Zobacz zdjęcia:
[See image gallery at rdn.pl] Oddział otolaryngologiczny w nowosądeckim szpitalu stał się również galerią sztuki. Na ścianach pojawiły się prace plastyczne dzieci. Obrazy mają sprawić euforia pacjentom. Czy znajdzie się dla nich miejsce na innych oddziałach?
Na oddziale otolaryngologicznym pojawiło się 30 prac dzieci wyróżnionych w konkursie plastycznym oraz powstałych podczas zajęć plastycznych.
Prowadzi je sądecki artysta-plastyk Stanisław Szarek, który zaproponował, by oprawione obrazy znalazły swoje miejsce w szpitalu, a zgodził się na to ordynator Tadeusz Bielak.
– Są u nas też dzieci, które patrząc na te prace, pobudzają swoją wyobraźnię i przez to zapominają, gdzie są. Podobnie jest z dorosłymi. Dokładnie taki jest zamysł powstania galerii – by dzieci miały mniejszy stres związany z pobytem w szpitalu. Odbiór jest znakomity
– podkreśla lekarz.
Inicjatywa spodobała się mamom dzieci przebywających w szpitalu.
– Obrazy są kolorowe, a mali twórcy mają ogromną wyobraźnię, którą potrafią przelać na papier. Dzieci chętnie patrzą na te prace, które wywołują uśmiech również dorosłym.
– Działa to wręcz kojąco.
Artysta-plastyk Stanisław Szarek podkreśla, iż sztuka wykonywana przez dzieci jest niedoceniana.
– Nie wszyscy ją rozumieją, a większość uznaje taką sztukę za słabą i naiwną. Tymczasem naiwność łączy się z uczciwością. Wielu wybitnych artystów pod koniec życia wraca do sztuki dziecka.
Co jest wyjątkowego w sztuce dzieci?
– Jest niezwykle uczciwa, wyraża emocje, nie zapatruje się na proporcje i odległości, które są kombinacją dojrzałych artystów, aczkolwiek dziecko ma to we krwi. Kreska dziecka jest niezastąpiona
– uważa Stanisław Szarek.
Na oddziale otolaryngologicznym możecie zobaczyć między innymi obraz namalowany przez Laurę Kadzik, która wygrała konkurs plastyczny z wątkami lotniczymi.
– Córka namalowała kosmos, planety i astronautę, który patrzy w stronę ziemi z nadzieją, iż na nią wróci. Córka była przeszczęśliwa, iż wygrała konkurs. Zachęcam dzieci do rozwijania swoich talentów, a rodziców do wspierania pociech w swoich pasjach
– mówiła mama laureatki Joanna Kadzik.
Obrazy namalowane przez dzieci w niedalekiej przyszłości mają zostać wystawione również w innych miejscach nowosądeckiego szpitala.

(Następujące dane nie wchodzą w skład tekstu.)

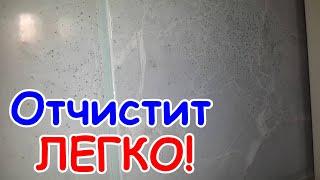  БРЫЗГИ/ИСКРЫ от БОЛГАРКИ и СВАРКИ со стекла/кафеля как счистить. Чем отчистить/удалить окалину.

– Pani dyrektor już się zgodziła. Myślimy teraz o oddziale pediatrycznym i chirurgii dziecięcej, które są chętne do współpracy. Czekamy na prace młodych artystów, by mogły trafić do szpitala. Myślę, iż może się to stać choćby w najbliższym miesiącu
– mówi Tadeusz Bielak, ordynator oddziału otolaryngologii.
Plastyk Stanisław Szarek chce, by obrazy namalowane przez dzieci pojawiły się na wszystkich oddziałach nowosądeckiego szpitala.